Our wetlands are in a critical state. People have witnessed alarming anomalous decreases in residential bore water levels, and are now being forced to restrict their water use as never before. Meanwhile, industrial horticultural, agricultural and other operators are still granted permits to exploit our precious water for products exported for private profit, despite ordinary citizens loudly condemning decisions that fail to give effect to the precautionary principle in a time of obvious environmental decline (and now climate emergency). With ordinary folks warning of this dire water situation years ago, Councils had sufficient notice to forcefully act to protect citizens’ and environmental rights and interests.
Councils argue that within the constraints of law and regulations, they did everything they could have. I, for one, imagine a different scenario. For starters, Councils could have more urgently lobbied central Government to create a fit-for-purpose legal regime that ensured strict compliance with the precautionary principle and prioritising the human right to water in decision-making, while forcefully advocating rapid transformation to a regenerative Aotearoan economy (rather than an economy that’s violating environmental limits and accelerating social collapse).
After years of calling for councils to do this (and being ignored), many would be forgiven for concluding that councils don’t feel they have the mandate for such high level campaigning, they don’t have the imagination or courage to do it, or they simply can’t find the energy. Regardless, one can easily see why citizens’ trust in decision-making institutions continues to dwindle, while correspondingly their interest in citizens assemblies and other ‘alternative’ people-based models is on the rise. Conventional decision-making systems are abysmally failing civil society, impotent to deliver the one over-arching outcome we’ve created them for: to protect citizens’ basic rights to security, freedom and wellbeing.
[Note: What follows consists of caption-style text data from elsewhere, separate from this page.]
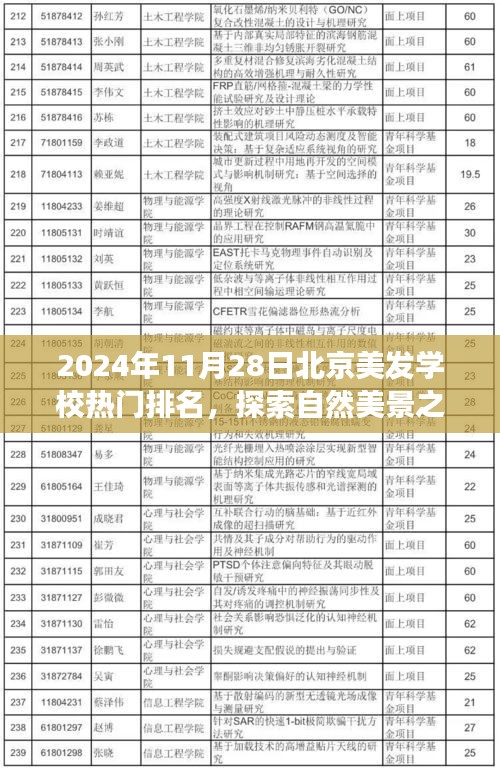 揭秘北京美發(fā)學校熱門排名背后的故事,探索自然美景與秘密花園之旅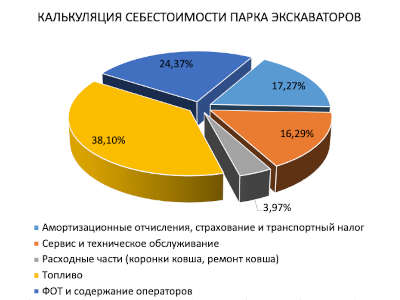 Инструмент экономической эффективности карьерной техники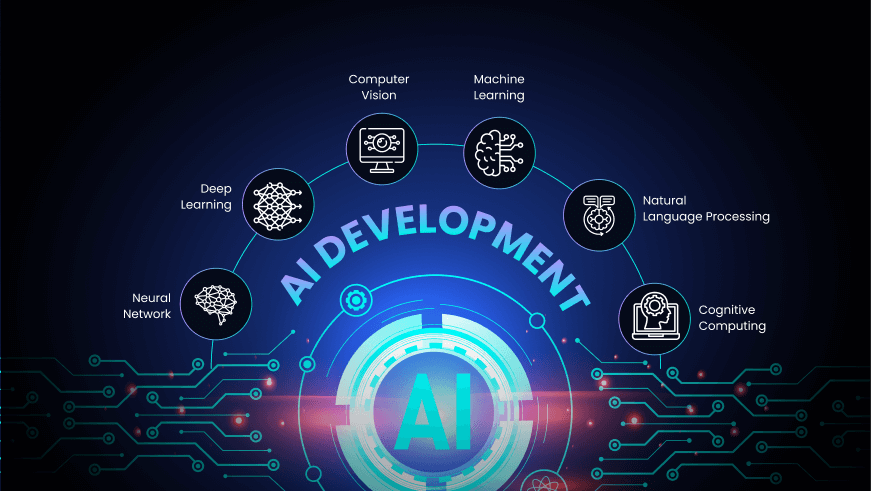 SyanSoft: Your Trusted AI Development Company for Smarter Business Growth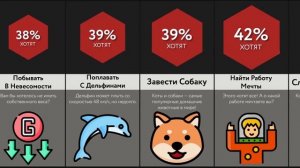 Сделай Это Перед Смертью!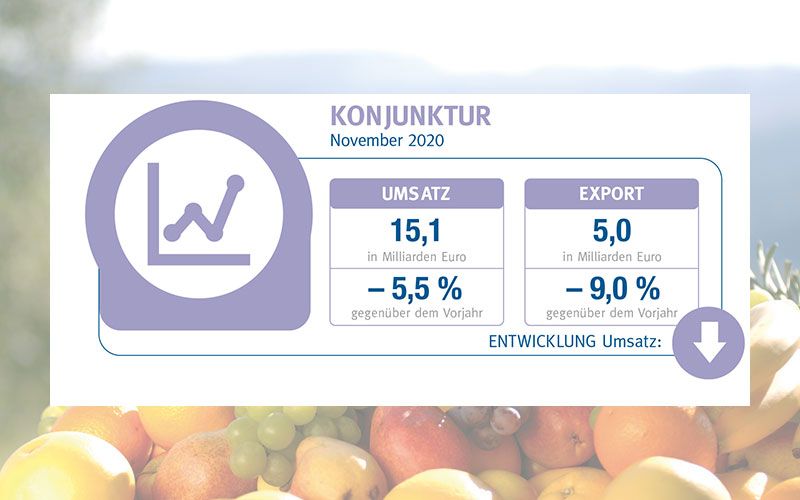 November bringt Umsatz- und Produktionsrückgang in der Ernährungsindustrie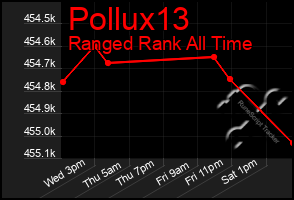 Total Graph of Pollux13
Realising this catastrophic failure, the populous will wake up to the fact that government has lost its social license to operate. When this critical mass of collective consciousness happens, some level of rebellion (going by historical records) tends to ensue. As a final last resort ‘systems reboot’ for a regenerative nation in an Age of climate emergency, I accept its imminent arrival. But, like many others, I feel anxious about the pain and suffering which will undoubtedly happen during such a transition. I sincerely hope communities develop in time the extraordinary leadership and cultural fortitude it will take to wisely and compassionately navigate us through this difficult period ahead.